> [Work request]: Only the lines from the first line of the data through the line containing "Der Wehrführer Rüdiger" belong in the answer, transcribed exactly; pictures do not.

> [Data]:
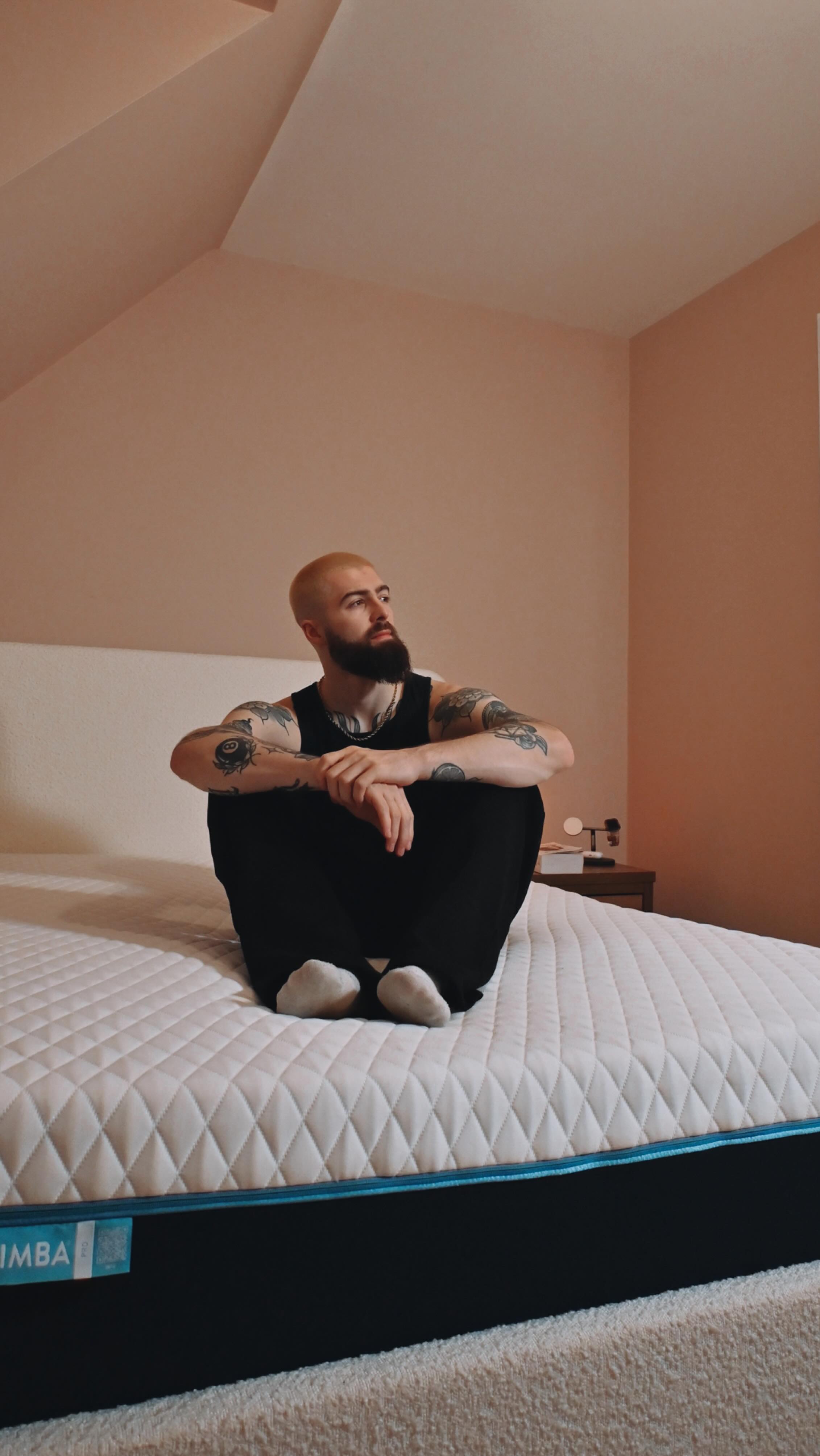 Instagram post by @tommalonejr for Simba Sleep. Caption reads: Only gone and found myself the best mattress....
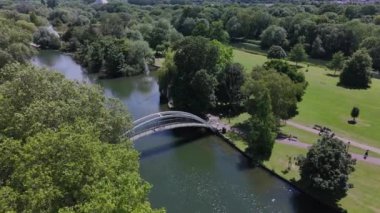 Bedford 'daki Büyük Ouse Nehri' ni kaplayan Köprü.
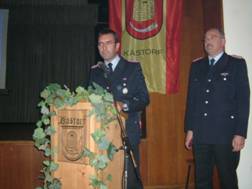 Der Wehrführer Rüdiger Witt und sein Stellvertreter fanden überaus lobende Worte für die Jugendfeuerwehr und dankten allen Beteiligten in 40 Jahren Jugendfeuerwehr.
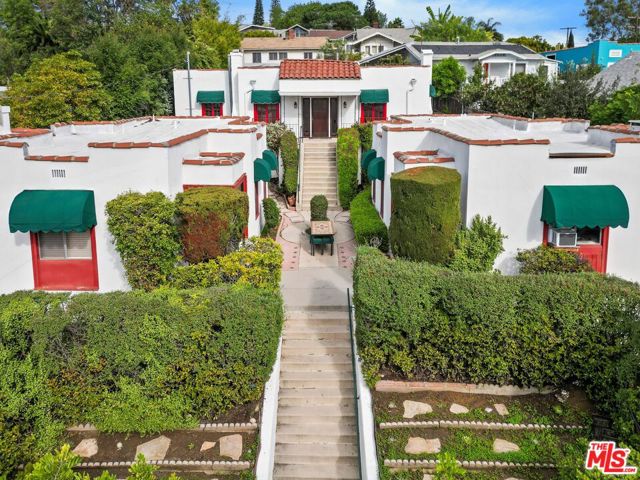 1811 Effie Street, Los Angeles CA: https://media.crmls.org/mediaz/18cc7bd1-dabd-4b4c-a00c-9099a295e119.jpg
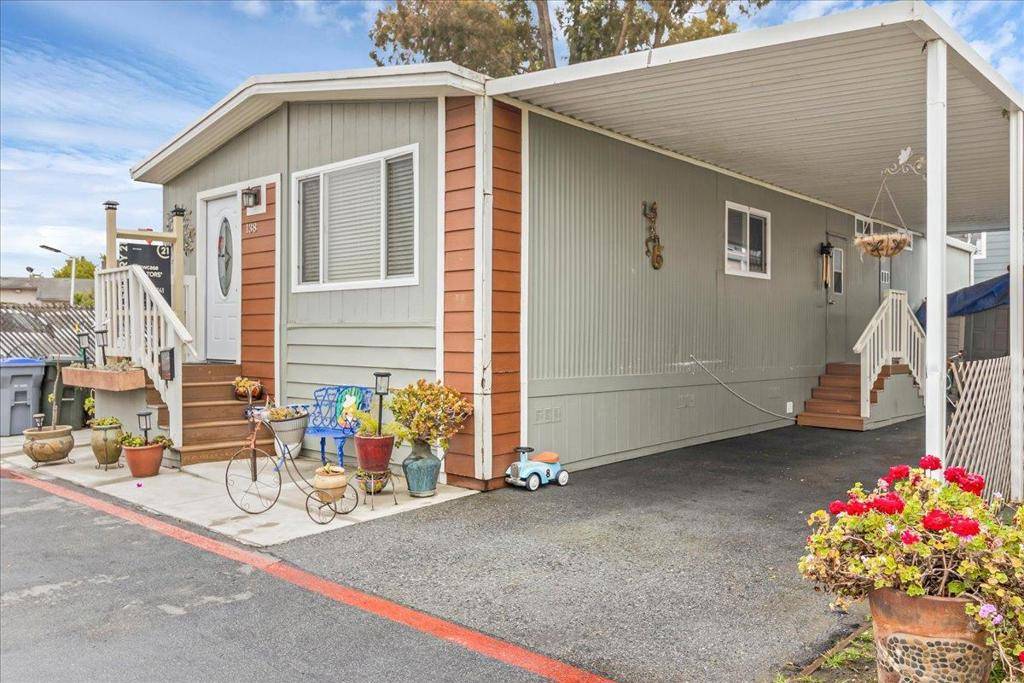 Salinas, CA 93906,20 Russell Rd ST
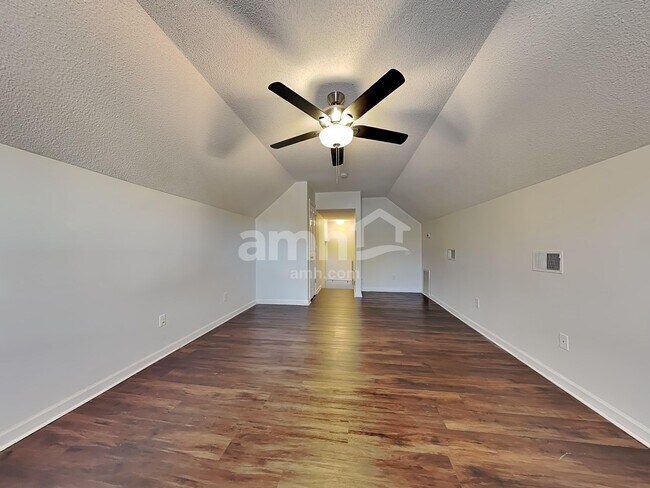 Building Photo - 11 Lake Linden Ct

> [Response for this exercise]:
 Instagram post by @tommalonejr for Simba Sleep. Caption reads: Only gone and found myself the best mattress....
 Bedford 'daki Büyük Ouse Nehri' ni kaplayan Köprü.
 Der Wehrführer Rüdiger Witt und sein Stellvertreter fanden überaus lobende Worte für die Jugendfeuerwehr und dankten allen Beteiligten in 40 Jahren Jugendfeuerwehr.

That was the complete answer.